Lewisburg moves Pride crosswalk plan to parking lot entrance
PennDOT’s warning pushed Lewisburg to pull a Pride crosswalk off South Third Street and into Municipal Parking Lot No. 1, turning a paint job into a test of local control.

PennDOT’s warning forced Lewisburg Borough Council to change course on a Pride Month crosswalk plan, shifting the rainbow design off South Third Street and into Municipal Parking Lot No. 1. The move kept the display in public view, but it also exposed how far borough leaders can go on local streets before state traffic-control rules take over.
At its June 16 meeting, council rescinded last month’s motion for a multicolored crosswalk on South Third Street near White Pine Alley and instead approved moving the design to the entrance and exit of the parking lot between South Third and South Fourth streets. The borough’s draft agenda had already flagged the item as a follow-up to the earlier approval, with a possible motion to direct staff to place the rainbow crosswalk in the adjacent lot instead.
The change was not just cosmetic. PennDOT had warned that painting the design on a street crosswalk would run afoul of traffic-control rules, and borough officials moved to avoid a direct clash with the state’s reading of roadway-marking standards. PennDOT’s updated guidance, issued in a May 27, 2025 strike-off letter, clarified Publication 46 chapters on unsignalized midblock crosswalks and traffic-control verification tools. The department’s draft Traffic Engineering Manual also cites the Federal Highway Administration’s Manual on Uniform Traffic Control Devices as the framework for state roadway markings.
Council members split over how to respond. Councilman David Heayn said he wanted to “embrace that spirit” in a place that is still publicly visible but consistent with road-safety rules. Council Vice President Jordi Comas said borough crews would use the Progress Pride flag as the design and argued that the parking lot site would still capture meaningful foot traffic. Councilwoman Jamie Grobes opposed rescinding the earlier vote, saying the borough should have carried out its original decision rather than quietly redirecting it after pushback.

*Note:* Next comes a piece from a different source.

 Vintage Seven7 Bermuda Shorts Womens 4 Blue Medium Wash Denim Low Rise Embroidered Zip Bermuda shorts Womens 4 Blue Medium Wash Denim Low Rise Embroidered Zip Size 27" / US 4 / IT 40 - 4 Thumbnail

The discussion also highlighted the stakes for a small borough that depends on state cooperation. One council member warned that moving ahead in defiance of PennDOT could jeopardize millions in state funding. Lewisburg chose to avoid that fight, but the compromise leaves the larger debate unresolved: whether a parking lot entrance preserves the visibility the borough wanted, or blunts the message by pulling the design off a public street.

The Pride crosswalk is unfolding against a broader push on pedestrian safety in Lewisburg, where councilwoman Samantha Pearson said in April that the borough had been working on the issue for more than a decade. Pearson said pedestrians have been hit in the borough and that the problem intensified over the prior year. She also said Lewisburg had already installed an LED-lit crosswalk sign, that PennDOT asked for additional engineering before more upgrades could move forward, and that the borough was using a $200,000 grant to assess road safety for drivers, walkers and bikers at spots including Market and Water streets and Market and South Front Street. That background helps explain why a single crosswalk became a test of how Lewisburg balances visibility, safety and state oversight.